Programming languages are quite a bit like human languages: they blur syntax and semantics. When we say "english", we don't just mean the grammar of the language, the availability of certain constructs involving adverbs, punctuation, etc. We also include a certain amount of vocabulary (though most people don't know most of the available vocabulary, but still seem to get by speaking the language) and meaning in expressions. It's like a toolbox that comes with a set of screws of various sizes, some spare car parts, and an extra rubber-band. You're not sure why you have the extra stuff, but it's a bundled package. You can't speak english without using english words. You can't even just interject words and phrases from other languages, and expect them to fall into place cleanly. Grammar varies across languages, so your sub-expression may not make sense in context. The words you choose may be similar across languages, but vary slightly in connotation.

I'm an idealist. As an idealist, I look at programming languages I've used and think "in the end, it's all about running sequences of bits through a processor, manipulating other bits, to accomplish some task." It seems like they're all fairly equal. It also seems like I should get to pick-and-choose what I want, based on my situation, without suddenly being locked into a language.

Common ground
IDL and Corba are examples of some work to make this possible. They're not perfect, but they define datatypes and functions outside of any given language (thereby defining yet another language, though really not a full programming language.) More than that, they abstract away locale: you can make a "function call" that results in sending data across a network to be massaged and sent back. The other computer might be running code written in Cobol, while your code is written in C. You're not supposed to notice. Problems? Not all languages support Corba-style type definitions. Moreover, they require that you use certain datatypes that are common to all languages (common denominator) such that you can only define your own datatypes in terms of an existing pre-defined list of datatypes that was decided on the basis of already-existing languages (that is, the ones that support and are supported by Corba.) Another problem? Well, not all programming languages allow the same things.

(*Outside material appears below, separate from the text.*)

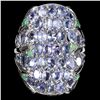 Image 2 : Natural Unheated Tanzanite & Colombian Emerald Ring
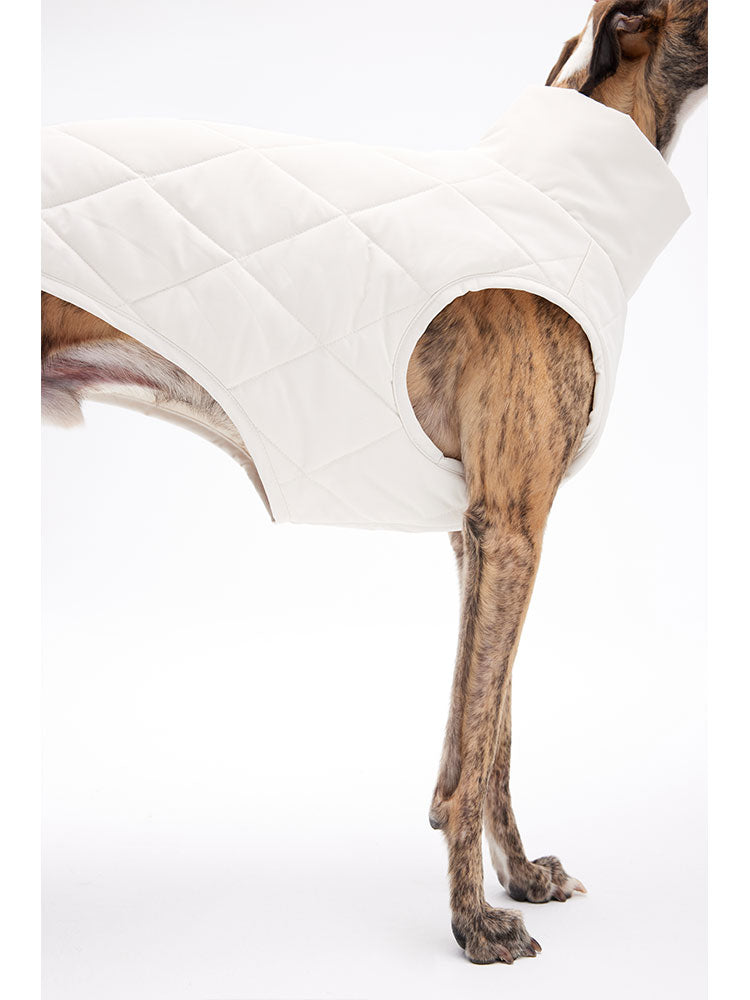 Detail view of the quilted panel construction on a sleeveless dog vest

Languages and what they understand
For example: C++ lets you define a generic function that can take any number of datatypes as parameters, and still attempt to accomplish the same thing, relatively-speaking. A generic sum() function could take integers, and add them. It could also take text, and concatenate (put end-to-end) the given bits of text. Not all languages respect this kind of definition. Many require that you define a separate function for each possible set of datatypes to be used.

Another example: some functions know what a pointer is, others don't. That's a problem if you define a datatype that relies on pointers, like linked-lists. One language can poke around at the innards, while another can't (and might not even be able to make use of the provided "interface" functions, such as a function that inserts a new value in the list, given a pointer to the position at which to insert the new value.)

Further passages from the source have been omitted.